= EXERCISE REQUIREMENTS =
Beginning with the line that contains "Pulsera de cuerda", transcribe every line through the end of the entries exactly as written, and reproduce nothing else.

Records excerpted from a collection
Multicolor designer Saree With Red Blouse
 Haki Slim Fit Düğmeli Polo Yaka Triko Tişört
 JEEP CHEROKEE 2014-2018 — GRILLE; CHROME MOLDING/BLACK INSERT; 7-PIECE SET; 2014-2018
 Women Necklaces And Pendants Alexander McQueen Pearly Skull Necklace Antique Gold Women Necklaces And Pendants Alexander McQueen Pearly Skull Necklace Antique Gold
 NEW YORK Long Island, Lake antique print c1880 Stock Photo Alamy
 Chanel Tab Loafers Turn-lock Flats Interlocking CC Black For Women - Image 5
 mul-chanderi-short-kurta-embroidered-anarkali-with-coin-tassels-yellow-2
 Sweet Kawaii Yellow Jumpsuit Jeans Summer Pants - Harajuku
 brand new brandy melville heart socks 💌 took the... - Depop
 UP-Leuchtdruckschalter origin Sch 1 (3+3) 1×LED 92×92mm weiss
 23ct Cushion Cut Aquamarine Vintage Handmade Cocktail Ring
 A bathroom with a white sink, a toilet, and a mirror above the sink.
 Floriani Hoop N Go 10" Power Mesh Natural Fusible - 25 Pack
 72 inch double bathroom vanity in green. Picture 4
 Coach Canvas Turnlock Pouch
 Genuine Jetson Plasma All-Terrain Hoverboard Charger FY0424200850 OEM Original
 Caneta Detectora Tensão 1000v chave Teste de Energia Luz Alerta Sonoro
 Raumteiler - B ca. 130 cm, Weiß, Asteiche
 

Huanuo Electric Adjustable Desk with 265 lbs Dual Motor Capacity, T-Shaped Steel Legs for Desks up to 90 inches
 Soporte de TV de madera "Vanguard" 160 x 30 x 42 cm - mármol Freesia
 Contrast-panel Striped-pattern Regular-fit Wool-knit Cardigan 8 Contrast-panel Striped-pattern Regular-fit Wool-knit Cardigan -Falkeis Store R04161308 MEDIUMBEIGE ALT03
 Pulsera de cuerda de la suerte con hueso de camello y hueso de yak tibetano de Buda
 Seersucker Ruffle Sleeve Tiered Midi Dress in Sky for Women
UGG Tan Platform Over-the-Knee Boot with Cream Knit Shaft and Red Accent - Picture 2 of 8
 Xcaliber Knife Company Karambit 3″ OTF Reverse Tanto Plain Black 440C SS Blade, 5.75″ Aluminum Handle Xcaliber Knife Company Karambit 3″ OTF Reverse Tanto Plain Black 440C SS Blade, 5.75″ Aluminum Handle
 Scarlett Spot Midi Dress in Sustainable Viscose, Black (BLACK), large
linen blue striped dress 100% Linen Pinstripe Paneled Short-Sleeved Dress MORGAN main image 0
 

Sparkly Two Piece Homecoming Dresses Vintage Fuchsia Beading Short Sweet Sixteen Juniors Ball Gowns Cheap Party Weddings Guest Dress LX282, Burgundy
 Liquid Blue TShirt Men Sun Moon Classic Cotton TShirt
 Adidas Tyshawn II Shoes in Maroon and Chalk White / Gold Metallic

= WRITTEN ANSWER =
 Pulsera de cuerda de la suerte con hueso de camello y hueso de yak tibetano de Buda
 Seersucker Ruffle Sleeve Tiered Midi Dress in Sky for Women
UGG Tan Platform Over-the-Knee Boot with Cream Knit Shaft and Red Accent - Picture 2 of 8
 Xcaliber Knife Company Karambit 3″ OTF Reverse Tanto Plain Black 440C SS Blade, 5.75″ Aluminum Handle Xcaliber Knife Company Karambit 3″ OTF Reverse Tanto Plain Black 440C SS Blade, 5.75″ Aluminum Handle
 Scarlett Spot Midi Dress in Sustainable Viscose, Black (BLACK), large
linen blue striped dress 100% Linen Pinstripe Paneled Short-Sleeved Dress MORGAN main image 0
 

Sparkly Two Piece Homecoming Dresses Vintage Fuchsia Beading Short Sweet Sixteen Juniors Ball Gowns Cheap Party Weddings Guest Dress LX282, Burgundy
 Liquid Blue TShirt Men Sun Moon Classic Cotton TShirt
 Adidas Tyshawn II Shoes in Maroon and Chalk White / Gold Metallic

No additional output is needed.